• _Exercise directions_
Of all the lines in the entries below, give again exactly those starting at the line containing "Silver fork stands" and ending at the line containing "Hamilton Beach Eclectrics", both ends included, and no others.

• _Input data_

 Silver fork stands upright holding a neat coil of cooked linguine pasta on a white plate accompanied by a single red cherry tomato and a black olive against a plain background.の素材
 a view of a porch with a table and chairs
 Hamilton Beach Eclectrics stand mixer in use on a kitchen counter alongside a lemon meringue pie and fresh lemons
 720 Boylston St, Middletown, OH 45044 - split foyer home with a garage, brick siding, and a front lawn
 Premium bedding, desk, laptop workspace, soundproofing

--

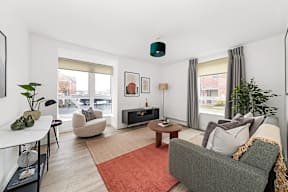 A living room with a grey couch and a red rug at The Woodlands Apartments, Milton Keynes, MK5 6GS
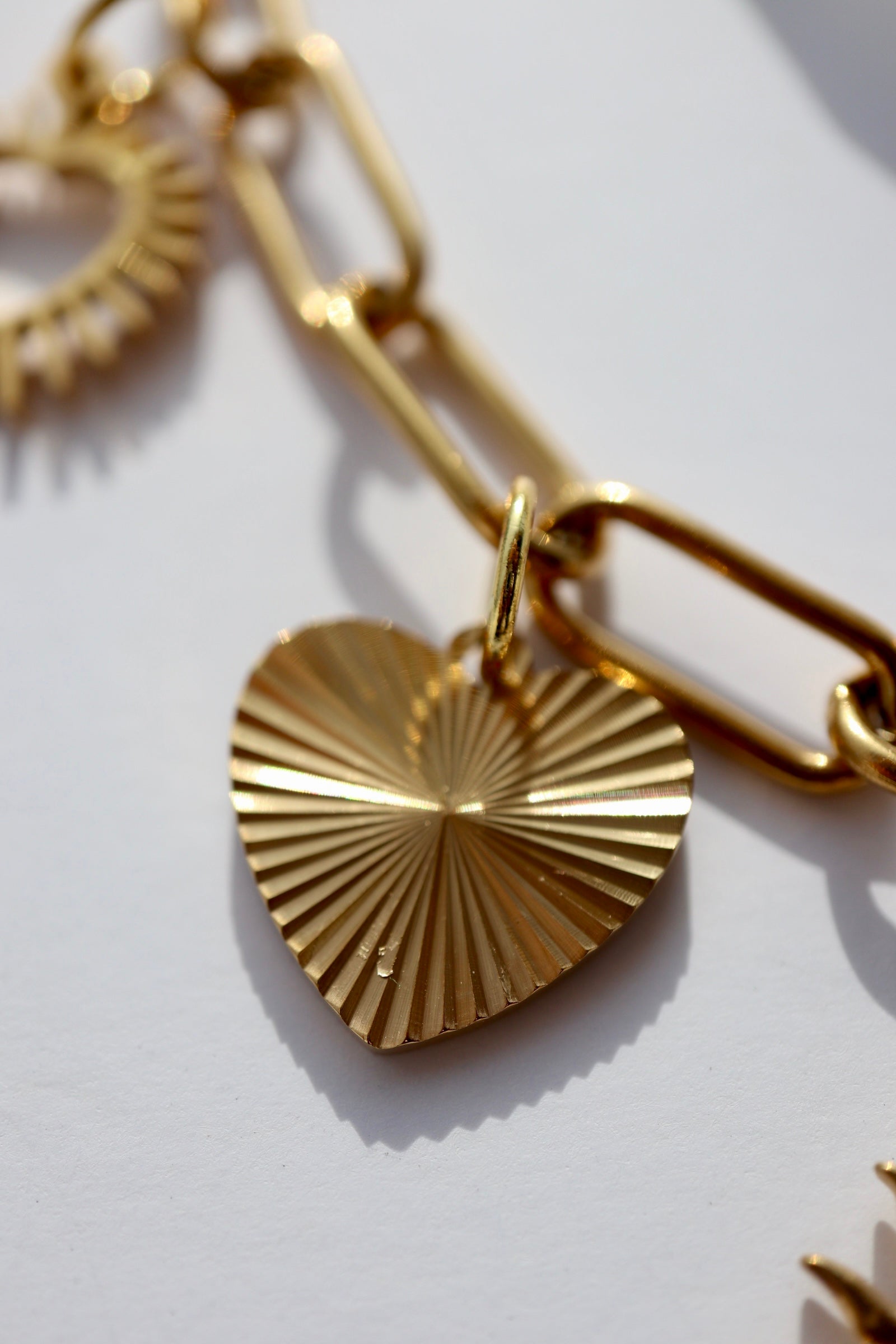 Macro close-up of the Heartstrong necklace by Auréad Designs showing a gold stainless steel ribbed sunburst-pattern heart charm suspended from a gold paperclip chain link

• _Written solution_
 Silver fork stands upright holding a neat coil of cooked linguine pasta on a white plate accompanied by a single red cherry tomato and a black olive against a plain background.の素材
 a view of a porch with a table and chairs
 Hamilton Beach Eclectrics stand mixer in use on a kitchen counter alongside a lemon meringue pie and fresh lemons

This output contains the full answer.